Let it End

Slowly turning I feel the cold,
as his sickle crashed down my life is old.

I am beyond this world with out fear,
once dead you have no feelings I hear.

Although I still feel hollow to the core,
No feeling inside nothing to adore.

Maybe I have been dead all along,
Just coasting through life searching for a song.

Hollow and empty I feel today,
Yet yesterday and tomorrow I still feel this way.

I am beyond they say,
and emotions I could weigh.

Yet I feel as I did before,
Nothing inside but a rotten core.

I am not sure why I am still here,
Maybe more jokes God needs to steer.

I am ready to die said plain today,
Here now and before I have been ready straight away.

Yet You keep me here beyond what I should,
And now I am emotionless with out love, what more could,

You have had Your fill, let me die,
Then finally I can rest and maybe cry.

Tonight marks the rest of my life that might not be,
Let me pass through and let the light finally see.

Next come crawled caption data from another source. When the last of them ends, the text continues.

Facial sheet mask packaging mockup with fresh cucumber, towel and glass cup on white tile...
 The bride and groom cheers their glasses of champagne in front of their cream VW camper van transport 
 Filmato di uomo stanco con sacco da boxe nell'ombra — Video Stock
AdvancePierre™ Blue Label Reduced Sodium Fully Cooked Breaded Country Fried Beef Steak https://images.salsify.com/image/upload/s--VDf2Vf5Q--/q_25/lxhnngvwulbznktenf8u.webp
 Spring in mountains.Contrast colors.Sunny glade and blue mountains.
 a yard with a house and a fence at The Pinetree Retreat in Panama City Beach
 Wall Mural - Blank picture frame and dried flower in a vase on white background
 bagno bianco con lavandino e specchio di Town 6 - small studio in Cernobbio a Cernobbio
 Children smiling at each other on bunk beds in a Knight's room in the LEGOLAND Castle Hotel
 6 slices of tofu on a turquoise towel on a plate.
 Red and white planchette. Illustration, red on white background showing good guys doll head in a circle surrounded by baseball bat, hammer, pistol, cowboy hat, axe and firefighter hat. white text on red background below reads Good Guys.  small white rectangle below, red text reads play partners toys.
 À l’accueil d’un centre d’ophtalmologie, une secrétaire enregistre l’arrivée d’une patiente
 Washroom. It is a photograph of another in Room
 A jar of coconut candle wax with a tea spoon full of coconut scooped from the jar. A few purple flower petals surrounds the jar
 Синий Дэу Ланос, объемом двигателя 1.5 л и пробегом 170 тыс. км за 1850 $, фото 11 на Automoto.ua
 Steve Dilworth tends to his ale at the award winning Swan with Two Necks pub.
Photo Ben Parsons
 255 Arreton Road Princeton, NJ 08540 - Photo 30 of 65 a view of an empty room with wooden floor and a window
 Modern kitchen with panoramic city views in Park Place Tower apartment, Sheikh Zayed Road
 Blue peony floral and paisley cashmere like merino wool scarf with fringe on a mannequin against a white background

I am too dark inside and you don’t want me,
Just pass me down to my hell and let me be.

I know everyone’s death and I don’t want to anymore,
Let me jut die so I can pass on and no longer be sore.

I have no way to end this I seem to keep writing,
Although like my life and You, I can not stop trying.

Although I will end this now so I can show,
That I CAN end this if you just let me go.